Rising GDP figures painting the picture of a strong U.S. economy are all smoke and mirrors, according to economist David Rosenberg.

Last quarter, the U.S. economy expanded at an annualized rate of 2.8%, double the rate of the previous quarter and well above economists' forecasts of 2.1%.

Although the numbers look strong on the surface, a deeper dive into the data reveals a more troubling picture.

According to Rosenberg, about 80% of that growth “came from three sources: savings rate drawdown, the beloved government sector, and inventory building.”

In other words, the economy is growing because Americans are simply depleting their savings, the government is accumulating deficits, and inventory is increasing—a measure that tallies up goods that are produced but not sold.

“Outside of these—the headline would have come in at a +0.6% stall-speed pace. We shall see in Q3 the extent to which these three support mechanisms were permanent or temporary,” Rosenberg explained.

Rosenberg’s assessment is consistent with other economists, who’ve noted a gentle weakening in consumer spending this year.

GDP figures mask “profound financial difficulties”

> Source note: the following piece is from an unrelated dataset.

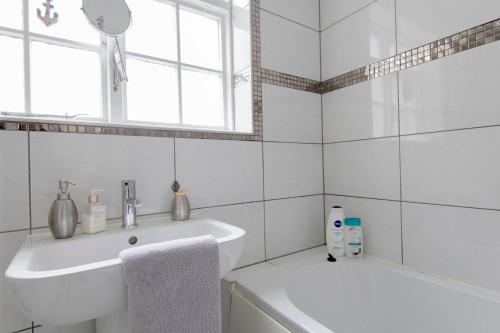a white bathroom with a sink and a tub at Fantastic 3 Bed Brighton House- Sleeps 6- SUPERFAST WiFi and Garage in Brighton & Hove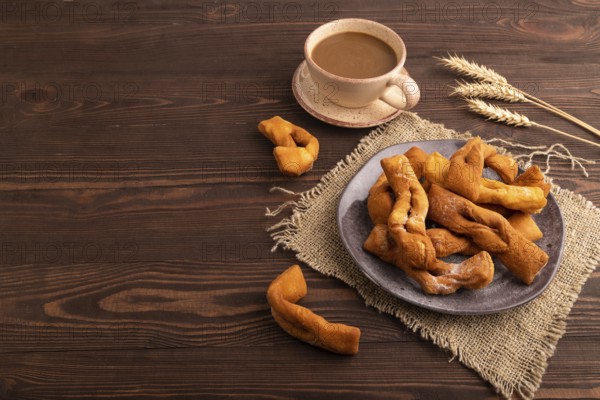 Crunchy biscuit Brushwood cookies sprinkled with powdered sugar on brown wooden background and linen textile, cup of coffee, side view, copy space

The U.S. economy is mainly consumer-driven, so GDP figures largely reflect how much Americans spend on goods and services—regardless of where that spending is coming from.

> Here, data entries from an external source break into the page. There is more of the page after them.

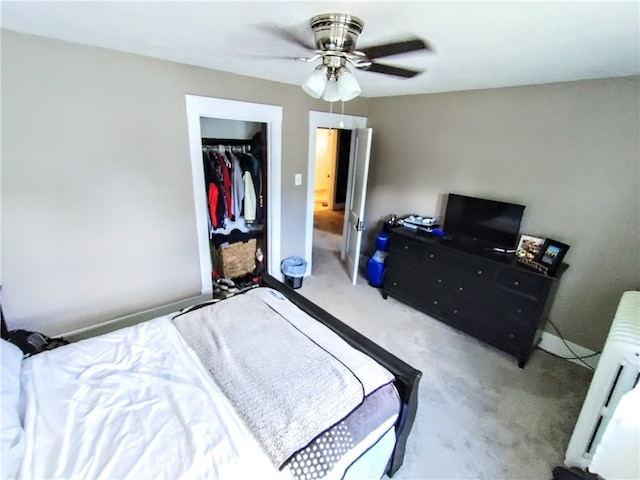 carpeted bedroom with ceiling fan, a closet, and radiator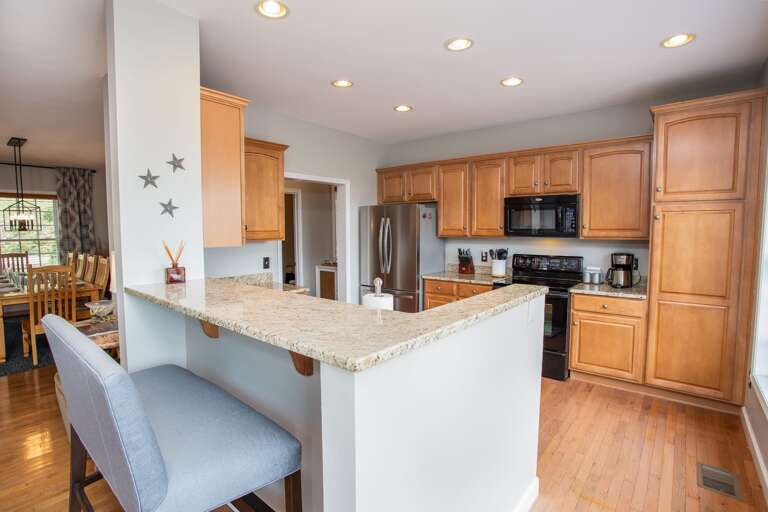 Kitchen with bar seating and open floor plan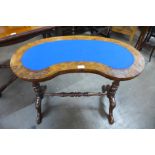 A Victorian inlaid walnut kidney shaped writing table, 69cms h x 87cms w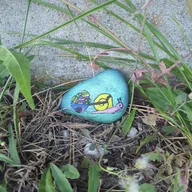 Un escargot bleu au sourire coquin porte sa petite maison jaune sur le dos. Il se cache dans l’herbe, tout près du béton. Tu le vois ? 🐌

With savings rates declining, more Americans are using revolving credit to finance their purchases. By the end of the first quarter, Americans collectively owed $1.12 trillion in credit card debt, 13% higher than in the same period in 2023.

According to EY chief economist Gregory Daco, consumer spending growth is masking “more profound financial difficulties for the bottom three income quintiles facing the strenuous combination of higher prices, larger interest burdens, and softening job prospects.”

“The economy is bifurcated into the haves and have-nots, as middle-class Americans are struggling with rising prices and lagging wage growth,” said Regan Capital’s chief investment officer, Skyler Weinand.

Even among the haves, personal finances aren’t as healthy as they were at the tail end of the pandemic. The latest University of Michigan sentiment survey showed consumer confidence plunged to an eight-month low in July, largely due to lingering inflation.

Survey director Joanne Hsu said nearly half of consumers “spontaneously expressed complaints that high prices are eroding their living standards, matching the all-time high reached two years ago.”

When consumers are less confident, they’re far less likely to spend on big-ticket items such as durable goods, which is a bad omen for the economy.

Clearly, Americans across all income brackets are struggling with a rising cost of living.

According to the Federal Reserve’s annual household survey, nearly two in three U.S. adults admitted that rising costs had worsened their financial situation over the last year. Nearly one in five said higher costs had made their living situation “much worse.”